Twitter is the most popular platform for microblogging, where short text updates(up to 140 words) are posted and distributed by means of instant messaging, sms, web interface. Microblogging is next in chain of technological tools for communication that follows blogging, social networking and other cyber social “places”. Etymologically microblogging derives from blogging plus the strand micro, from Greek mikros, “small”. The size of small blogging alters blogging characteristics in a range of angles – frequency, genre, subject, intentions.

 
An average blogger posts once in a few days when microblogging allows to make updates several times per day. Microblogging tends to be more communicative and colloquial. Bloggers write essays, cherishing writing skills, literary style, explicate informational basis and in some rare cases the content is not intended for public but to be a source.

 
Genres of blogging ranges from literature essays(on whatever subject, from journalistic to  mundane) to entertainment photo or video blogging, business project blogging to educational blogging, etc.

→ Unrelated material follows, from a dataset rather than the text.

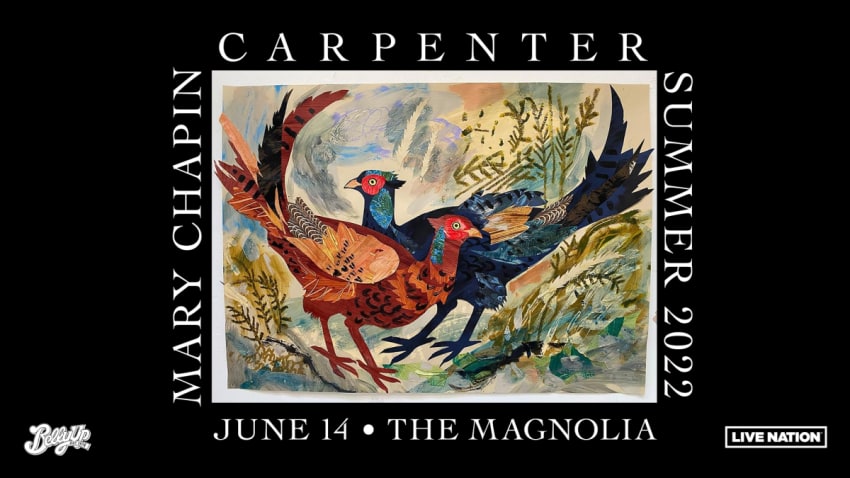 Mary Chapin Carpenter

Twits evolve the genre of simple forms.  In the history of literature to exemplify there are pieces of simple forms such as aphorisms, limericks(a light humorous, nonsensical, or bawdy verse of five anapestic lines), maxims(an expression of a general truth or principle, especially an aphoristic or sententious one: the maxims of La Rochefoucauld.), haiku, etc.

 
Haiku supposed to be an aristocratic genre in Japan, pieces of poetry in this genre were being created at emperor court. Masters of haiku put in them feelings of universal peace, meditativeness and slight melancholy. Japanese call this state as “avare” that can be translated as “elegiac fascination of things”. In place of linear perspective of European vision in haiku is implemented a diffused one. The main principle of haiku is “dzuihicu”- a principle of unintentional and unbiased description. The resemblance between haiku and twits lies only in size as the feeling they produce are as different as European and Eastern cultures are. Haiku are about universal peace, twits – universal pulse. Twits form popular, mostly mundane pieces that reflect life on the go. Most posts on Twitter talk about daily routine or what people are currently doing. This is the largest and most common use of Twitter. According to the results of the research held by Akshay Java, Xiaodan Song, Tim Finin and Belle Tseng and concluded in the work “Why We Twitter: Understanding Microblogging Usage and Communities” the most usable words in twitter posts in the order of descending in popularity are just, com, work, time, listening, home, going, day, got, today, good, bed, night, tinyurl, getting, podcast, dinner, watching, like, mass, lunch, new, tomorrow, ready, twitter, working, tonight, morning, need, great, finished, tv. Words vary depending on the interest group, but still the only poetry within is the poetry of everyday life.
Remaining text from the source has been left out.